Imagem da série "mapa de memória"do espanhol Yosigo, exclusivo entretempos
Imagem da série "mapa de memória"do espanhol Yosigo, exclusivo entretempos - Yosigo

"Na poesia contemporânea, as mulheres têm se destacado, a meu ver, pela ampla variedade de temas e abordagens. A poesia feita pelas mulheres está comprometida com ideias arrojadas, corajosas e sempre inesperadas. Onde eles veem normalidade, competência, correção, elas veem opressão, luta, contradições, oportunidades de novos olhares. Há nessa poesia uma inteligência prevenida, autoirônica e às vezes até acusatória — mas sempre reflexiva e aguda — que as faz tratar dos temas mais íntimos aos mais políticos e coletivos com a força da palavra exata e cortante" me diz Bruno Zeni, um dos criadores e editor da Quelônio.

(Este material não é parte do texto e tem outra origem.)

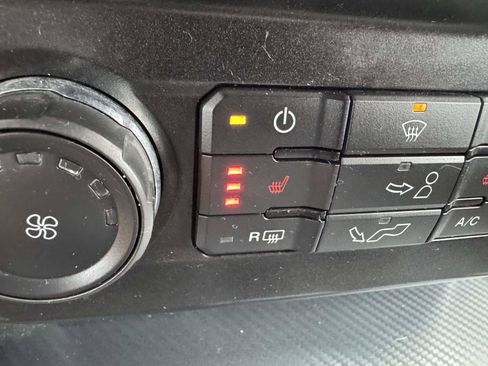 Used 2019 Ford F150 XLT w/ Equipment Group 302A Luxury image 34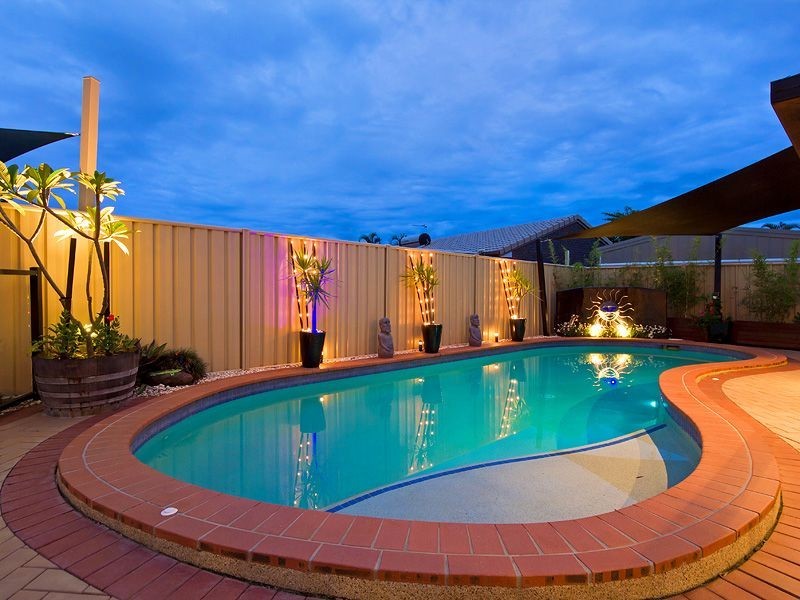 19 Oakland Court, Burleigh Waters QLD 4220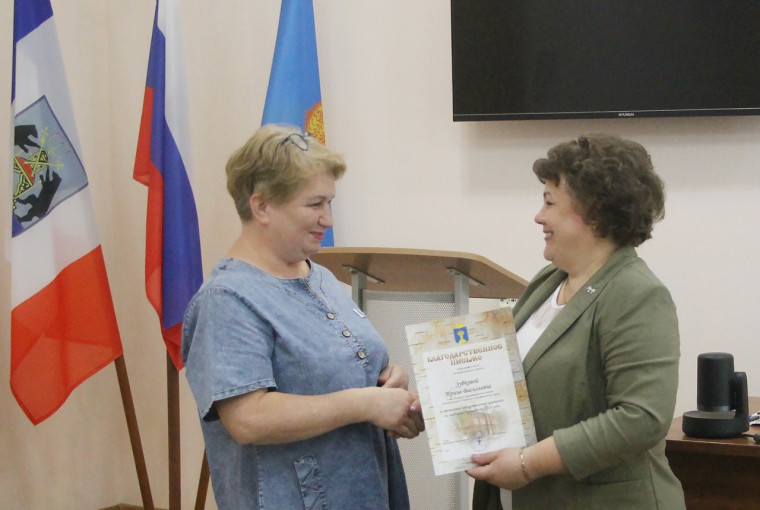 Отмечены наградами. Отмечены наградами.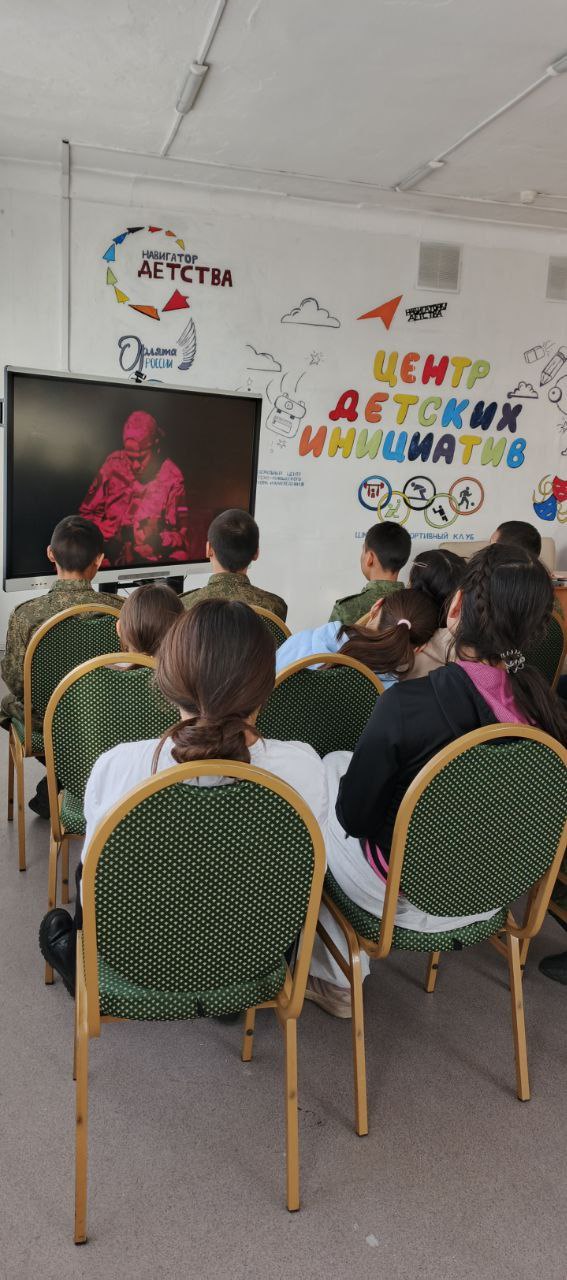 В школах и СУЗах Тувы состоялась «Патриотическая неделя» В школах и СУЗах Тувы состоялась «Патриотическая неделя»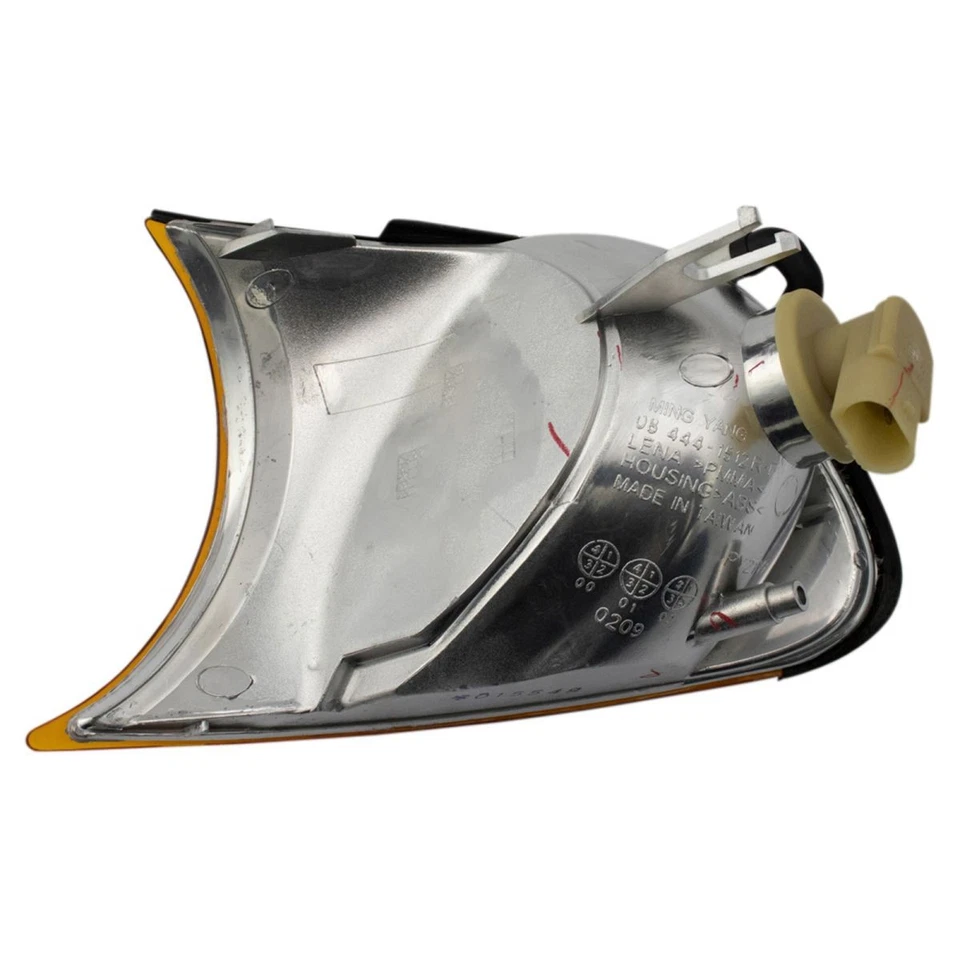 Передний правый угловой фонарь желтого цвета подходит для BMW 325Ci 330Ci M3 2002-2003 годов выпуска - Изображение 3 из 4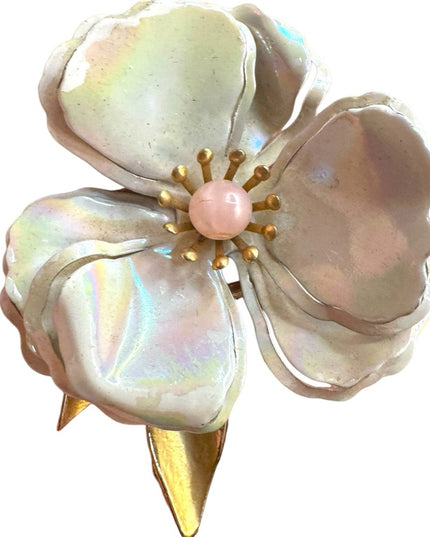 Elegant metal vintage 1960s  Pearlescent  enameled Flower Brooch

A primeira delas é Carola Saavedra, que já publiquei no blog no ano passado, e agora vem com sua estreia na poesia no livro "Um quarto é muito pouco". Com tiragem limitada de 500 exemplares numerados, reúne 35 poemas, divididos em 3 partes: "Presente contínuo", "Poemas interrompidos", "Depois". Em suas 56 páginas, mergulha em temas consagrados e urgentes: a passagem e a percepção do tempo, a vivência individual e compartilhada de um presente sombrio, o assombro da morte. O título alude tanto a um dos cômodos da casa como à fração que divide uma área em quatro partes. O conjunto reflete sobre as medidas fluidas e contraditórias de tempos e espaços, e vem fortemente impactado pelo momento angustiante que atravessamos, marcado pela excepcionalidade (catástrofe ambiental, pandemia,
guerra) e pelo compasso miúdo do cotidiano, do cuidado e dos eventos recorrentes. Para acompanhar suas palavras, as imagens do fotógrafo e espanhol José Javier Serrano, conhecido artisticamente como Yosigo. Seu trabalho reflete sua sensibilidade estética e sua propensão para linhas retas, simetria e um minimalismo pontual. Sua maneira única de ver o mundo resulta em imagens cuidadosamente compostas que transcendem seu assunto comum e ativam um silêncio na gente. Uma invenção de mundos, de espaços e de tempos.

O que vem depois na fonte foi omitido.